# Minn Kota Endura Max vs Endura C2



## ErnieLearns

How does the Digital Maximizer on the Minn Kota Endura Max increase run time up to five times better the Endura C2? Does it work or is it a marketing ploy?


----------



## mrdrh99

I've had several endura c2 motors of different size, I've not had the other, but I've never really come close to killing the battery in a single outing. I do recharge often. My current setup is a 9.9 outboard with e start, a 30# Minn Kota on the transom, and a 43# motorguide on the bow, they share the same battery with no problem. 109ah Walmart Maxx battery


----------



## TNtroller

Just google the digital maximizer for comments to get an explanation of how it works, but you'll read numerous comments that it works from lots of users as well.


----------



## kofkorn

About the simplest analogy I can think of is this:

A traditional "Speed Coil" TM is like driving a a stick shift with the gas pedal floored and controlling the speed using the brakes. The main drive coil is energized as soon as the motor is powered. In addition, there are multiple speed coils that are energized in different groups to give you the 1-5 speeds (At 5, no speed coils are engergized, at 1 they are all energized)

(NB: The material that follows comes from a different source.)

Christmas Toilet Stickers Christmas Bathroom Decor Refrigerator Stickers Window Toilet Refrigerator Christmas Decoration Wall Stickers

The digital control varies the amount of power sent to the main coil, and no speed coils are used. 

If you noticed Bowhunter's conversion article in the past few days, what he has done is taken the speed coils out of the system and added a digital control in-line with the main drive coil.

The digital maximizer is helpful if you tend to troll or move for long periods of time at a slower speed. If you are the type of person who pulses the motor on & off to move quickly from one spot to another, the effects of the maximizer aren't as noticeable.

Good luck!


----------



## NautiBuoys

I've owned both and the Digital Maximizer outperforms the non-DM by a wide margin (5x? Not sure but IMO definitely 3-4x).


----------



## ErnieLearns

Thank you for everyones input. For the extra money I'll get the Endura Max.


----------